— DIRECTIONS —
What you return should be the exact lines from the one with "Photo of Livingroom in San Jose" to the end of the records below, both included, and no pictures.

— ENTRIES SUPPLIED —
__________________________________________________

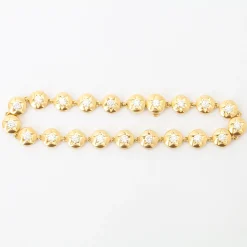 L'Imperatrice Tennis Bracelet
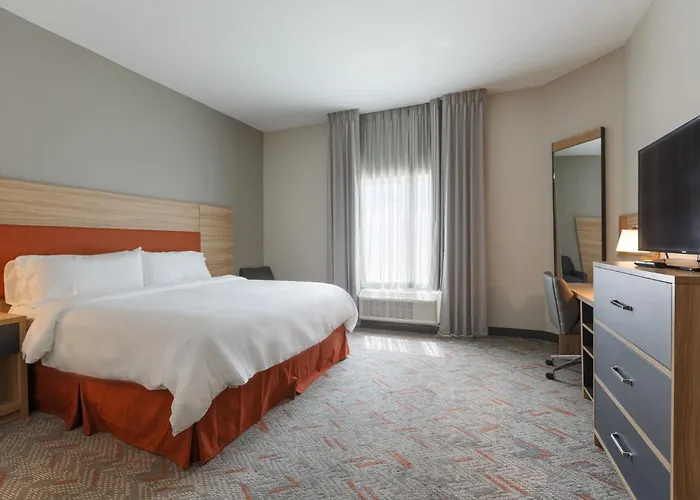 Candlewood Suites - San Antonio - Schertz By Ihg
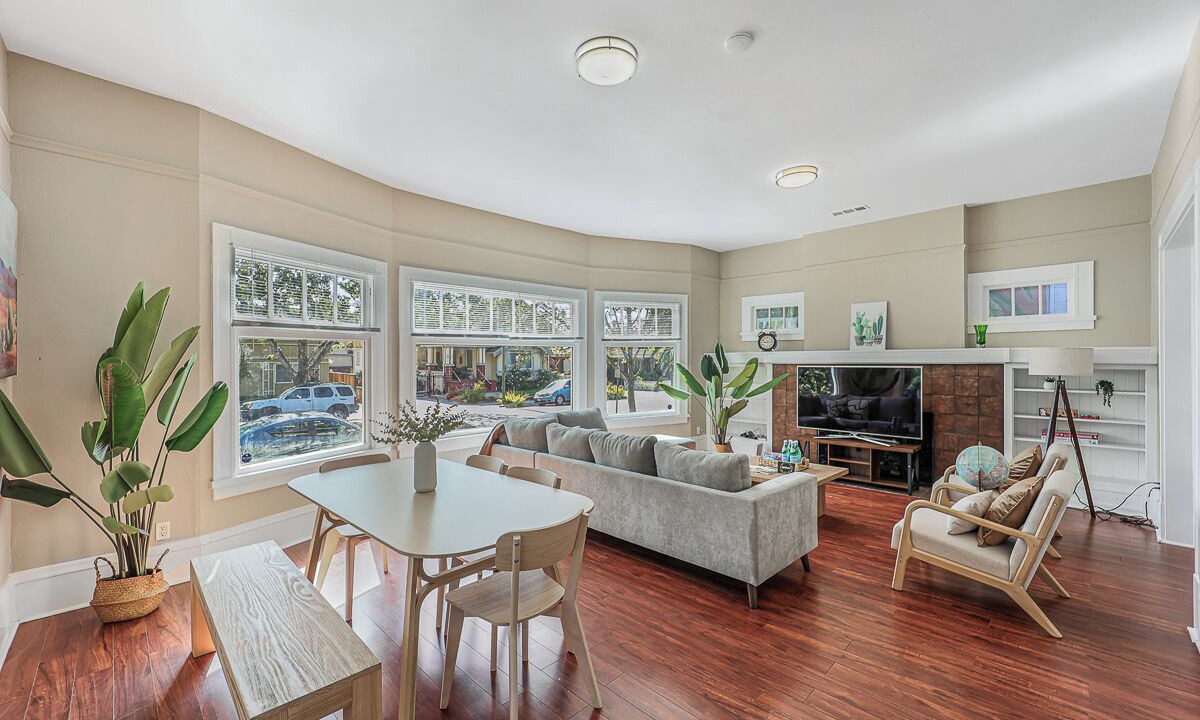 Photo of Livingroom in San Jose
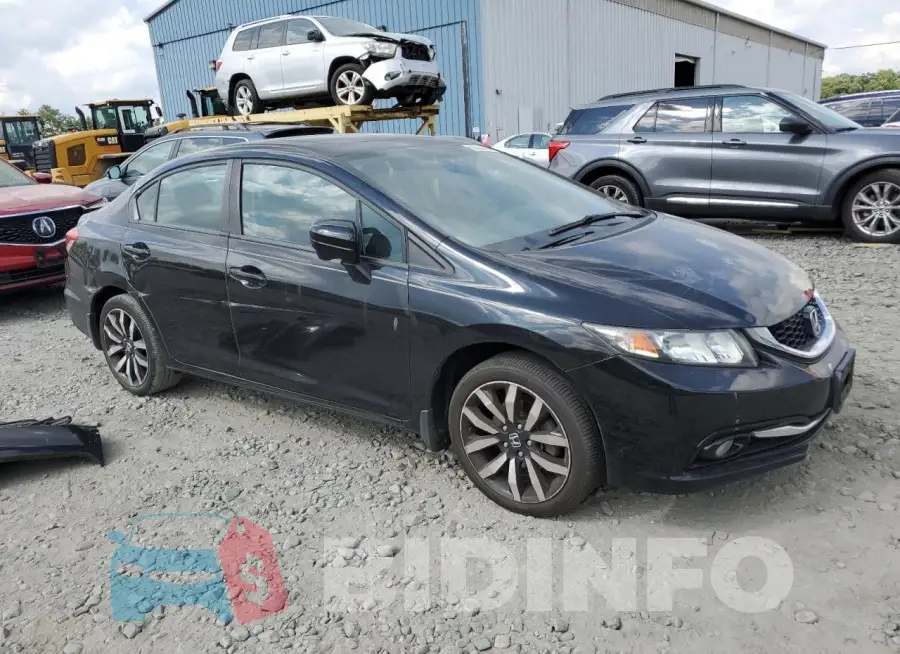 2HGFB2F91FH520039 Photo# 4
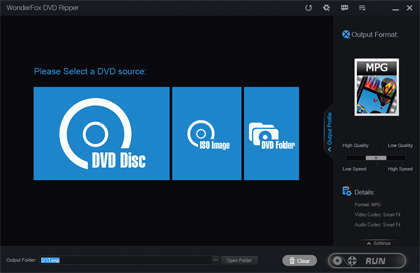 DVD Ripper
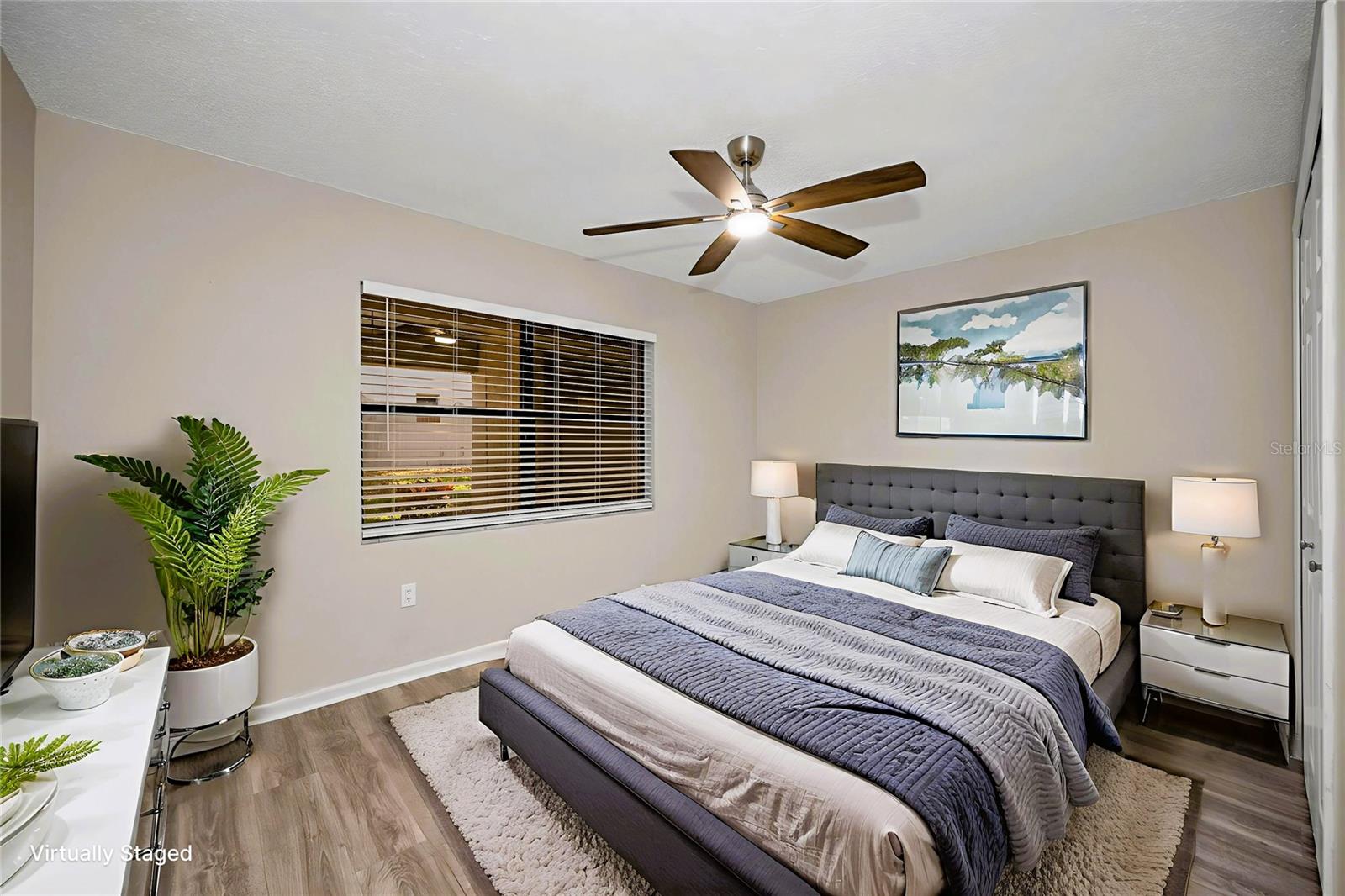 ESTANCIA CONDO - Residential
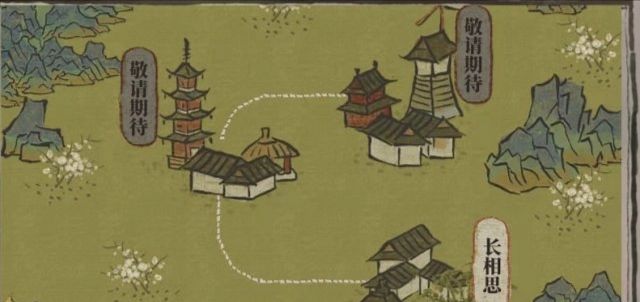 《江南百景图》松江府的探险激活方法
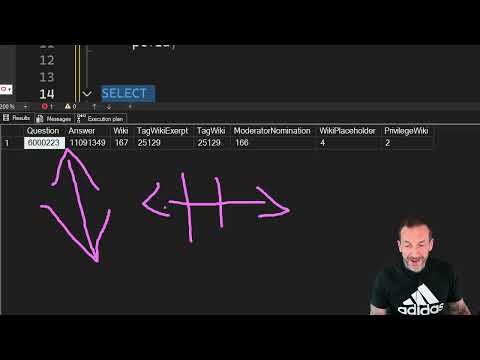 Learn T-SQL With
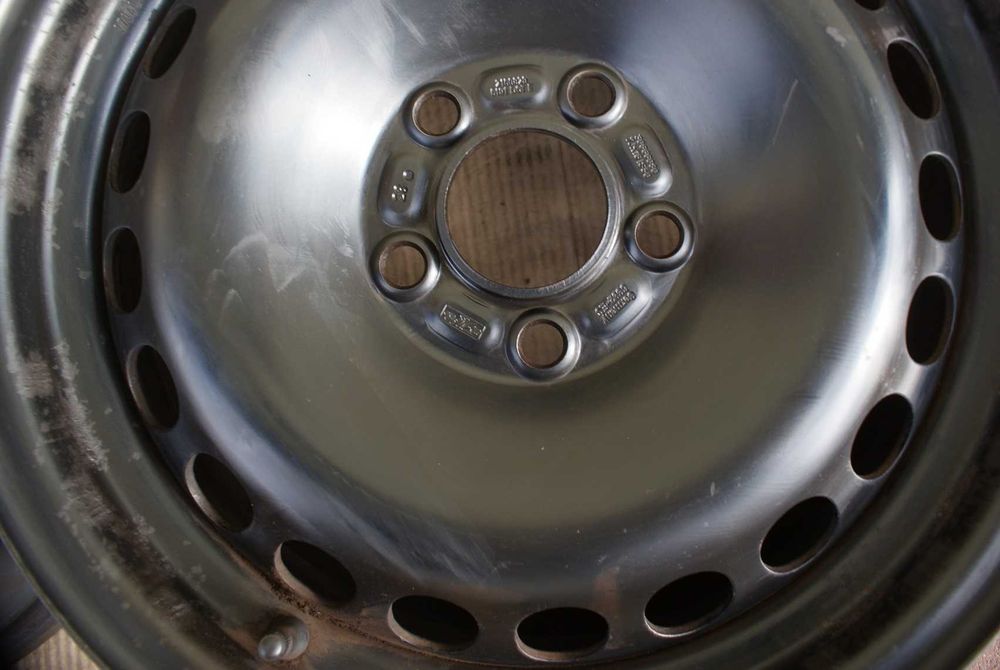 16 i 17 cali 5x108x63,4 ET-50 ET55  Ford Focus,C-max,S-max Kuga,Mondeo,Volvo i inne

__________________________________________________

— TASK RESPONSE —
 Photo of Livingroom in San Jose
 2HGFB2F91FH520039 Photo# 4
 DVD Ripper
 ESTANCIA CONDO - Residential
 《江南百景图》松江府的探险激活方法
 Learn T-SQL With
 16 i 17 cali 5x108x63,4 ET-50 ET55  Ford Focus,C-max,S-max Kuga,Mondeo,Volvo i inne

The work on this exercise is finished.